Fitch, on its part, also claims to be “committed to providing the world’s credit markets with independent and prospective credit opinions, research, and data.” Fitch continues that to protect its “credibility and reputation, employees must diligently comply with the various securities laws and take every precaution to avoid conflicts of interest or any appearance of a conflict of interest.” Observers have raised questions as to how the two institutions, who are expected to be independent are on the payroll of the same countries they are to rate. Industry watchers say for quietly pocketing cash from the Ghana government, the two rating agencies compromised their independence and can therefore not be said to be independent, since financially they appear to be dependent on their paymaster, which in this case is the Ghana Government.


In early 2007, the Cabinet of President John Agyekum Kufuor, under the NPP administration, approved the issuance of $750 million bonds on the international bonds market.

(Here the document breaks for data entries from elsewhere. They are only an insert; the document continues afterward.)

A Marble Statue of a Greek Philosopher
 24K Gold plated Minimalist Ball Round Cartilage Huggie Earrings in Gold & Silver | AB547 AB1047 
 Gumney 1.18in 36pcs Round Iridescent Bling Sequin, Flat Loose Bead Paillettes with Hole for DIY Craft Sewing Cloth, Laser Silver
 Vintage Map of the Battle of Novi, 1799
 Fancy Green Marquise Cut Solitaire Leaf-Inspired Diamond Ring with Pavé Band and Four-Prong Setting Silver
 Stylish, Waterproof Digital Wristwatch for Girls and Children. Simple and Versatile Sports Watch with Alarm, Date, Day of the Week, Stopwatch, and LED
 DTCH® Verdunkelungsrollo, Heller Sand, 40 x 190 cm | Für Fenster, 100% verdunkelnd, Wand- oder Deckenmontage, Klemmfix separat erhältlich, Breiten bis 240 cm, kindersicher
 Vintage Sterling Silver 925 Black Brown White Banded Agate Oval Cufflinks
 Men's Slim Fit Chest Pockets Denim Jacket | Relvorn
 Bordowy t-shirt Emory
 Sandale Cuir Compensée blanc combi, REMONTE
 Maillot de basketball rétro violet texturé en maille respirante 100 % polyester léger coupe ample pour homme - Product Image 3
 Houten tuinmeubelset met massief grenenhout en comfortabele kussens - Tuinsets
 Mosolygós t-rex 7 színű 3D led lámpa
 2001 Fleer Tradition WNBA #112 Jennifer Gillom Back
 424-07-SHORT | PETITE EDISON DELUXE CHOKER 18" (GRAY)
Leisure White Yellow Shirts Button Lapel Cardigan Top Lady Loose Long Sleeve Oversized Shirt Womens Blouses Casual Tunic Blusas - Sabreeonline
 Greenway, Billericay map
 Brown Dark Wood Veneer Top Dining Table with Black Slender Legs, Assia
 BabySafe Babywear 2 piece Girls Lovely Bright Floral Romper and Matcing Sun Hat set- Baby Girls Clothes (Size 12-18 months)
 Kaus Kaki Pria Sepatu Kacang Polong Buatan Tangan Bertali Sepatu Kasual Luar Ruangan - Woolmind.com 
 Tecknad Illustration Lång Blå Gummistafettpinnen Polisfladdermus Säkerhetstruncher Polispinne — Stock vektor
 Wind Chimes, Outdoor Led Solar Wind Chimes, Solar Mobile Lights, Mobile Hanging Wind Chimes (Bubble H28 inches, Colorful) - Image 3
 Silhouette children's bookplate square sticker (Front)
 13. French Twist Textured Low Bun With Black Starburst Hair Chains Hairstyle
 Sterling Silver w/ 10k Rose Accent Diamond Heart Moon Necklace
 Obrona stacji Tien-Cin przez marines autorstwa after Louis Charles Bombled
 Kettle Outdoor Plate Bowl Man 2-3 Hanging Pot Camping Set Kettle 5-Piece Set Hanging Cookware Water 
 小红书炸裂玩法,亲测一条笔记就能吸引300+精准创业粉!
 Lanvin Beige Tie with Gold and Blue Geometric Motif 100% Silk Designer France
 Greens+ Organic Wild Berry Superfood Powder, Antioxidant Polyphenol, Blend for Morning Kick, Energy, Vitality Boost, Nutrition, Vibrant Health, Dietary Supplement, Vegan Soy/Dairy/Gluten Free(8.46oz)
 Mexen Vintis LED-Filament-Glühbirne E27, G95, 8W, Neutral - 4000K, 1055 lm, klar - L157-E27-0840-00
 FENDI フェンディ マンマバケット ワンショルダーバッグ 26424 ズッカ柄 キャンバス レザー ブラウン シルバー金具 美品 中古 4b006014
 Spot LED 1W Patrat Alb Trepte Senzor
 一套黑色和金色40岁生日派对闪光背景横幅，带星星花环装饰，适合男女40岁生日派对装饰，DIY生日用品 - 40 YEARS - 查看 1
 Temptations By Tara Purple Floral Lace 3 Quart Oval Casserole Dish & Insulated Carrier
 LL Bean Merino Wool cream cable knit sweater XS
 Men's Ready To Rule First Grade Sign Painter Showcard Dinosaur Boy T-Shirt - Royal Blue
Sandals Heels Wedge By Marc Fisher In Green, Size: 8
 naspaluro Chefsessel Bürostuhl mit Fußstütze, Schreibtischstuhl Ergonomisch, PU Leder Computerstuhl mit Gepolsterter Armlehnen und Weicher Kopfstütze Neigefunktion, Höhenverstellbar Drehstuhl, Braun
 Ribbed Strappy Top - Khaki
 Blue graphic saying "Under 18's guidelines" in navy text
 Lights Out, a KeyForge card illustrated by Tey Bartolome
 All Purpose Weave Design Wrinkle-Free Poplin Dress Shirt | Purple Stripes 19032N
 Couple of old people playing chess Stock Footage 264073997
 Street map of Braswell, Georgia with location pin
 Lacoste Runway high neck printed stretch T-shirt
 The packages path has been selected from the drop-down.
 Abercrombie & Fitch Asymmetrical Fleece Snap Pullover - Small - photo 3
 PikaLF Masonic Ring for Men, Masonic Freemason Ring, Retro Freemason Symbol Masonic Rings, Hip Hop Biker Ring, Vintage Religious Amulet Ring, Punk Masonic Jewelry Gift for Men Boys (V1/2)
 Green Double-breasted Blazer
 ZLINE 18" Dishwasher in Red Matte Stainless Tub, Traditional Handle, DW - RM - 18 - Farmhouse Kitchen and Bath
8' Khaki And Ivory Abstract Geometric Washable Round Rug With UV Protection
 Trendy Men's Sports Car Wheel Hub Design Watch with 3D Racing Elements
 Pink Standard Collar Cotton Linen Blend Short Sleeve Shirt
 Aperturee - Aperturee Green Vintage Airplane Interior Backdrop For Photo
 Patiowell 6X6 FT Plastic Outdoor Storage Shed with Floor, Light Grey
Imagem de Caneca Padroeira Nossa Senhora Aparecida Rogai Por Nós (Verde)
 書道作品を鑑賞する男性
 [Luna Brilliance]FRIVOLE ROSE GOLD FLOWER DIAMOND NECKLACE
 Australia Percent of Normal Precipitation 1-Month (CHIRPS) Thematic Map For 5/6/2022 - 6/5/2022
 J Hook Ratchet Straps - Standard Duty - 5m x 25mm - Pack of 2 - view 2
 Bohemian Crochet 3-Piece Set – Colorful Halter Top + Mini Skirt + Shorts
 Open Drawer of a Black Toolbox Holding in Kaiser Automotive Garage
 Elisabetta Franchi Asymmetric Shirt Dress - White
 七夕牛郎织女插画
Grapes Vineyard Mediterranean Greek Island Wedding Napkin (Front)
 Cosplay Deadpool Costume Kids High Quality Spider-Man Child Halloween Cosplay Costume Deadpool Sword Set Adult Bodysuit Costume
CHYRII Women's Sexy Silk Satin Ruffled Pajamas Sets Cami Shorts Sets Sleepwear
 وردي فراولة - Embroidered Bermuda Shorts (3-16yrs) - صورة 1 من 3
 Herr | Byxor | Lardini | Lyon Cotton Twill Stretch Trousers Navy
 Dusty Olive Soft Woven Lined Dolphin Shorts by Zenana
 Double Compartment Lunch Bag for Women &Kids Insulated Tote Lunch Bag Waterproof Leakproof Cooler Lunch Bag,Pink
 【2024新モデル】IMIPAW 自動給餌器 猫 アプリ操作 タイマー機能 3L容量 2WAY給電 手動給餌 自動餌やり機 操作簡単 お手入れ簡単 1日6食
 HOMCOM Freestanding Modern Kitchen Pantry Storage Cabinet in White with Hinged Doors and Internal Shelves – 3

The amount was to implement the country’s medium term investment programme.

The decision was subsequently approved by a Parliamentary Resolution on July 30, 2007.

The $750 million bonds, which matures seven years from today, October 4, 2017 were issued at an annual interest rate of 8.5%, which some financial analysts considered to be one of the highest rates of borrowing at the time.

For now, the government of Ghana coughs up over $70million a year, as interest payments alone on the issued bonds and would be doing so till the maturity date in 2017, when it would be required to pay the principal of $750 million, together with any interest that may have accrued at the time.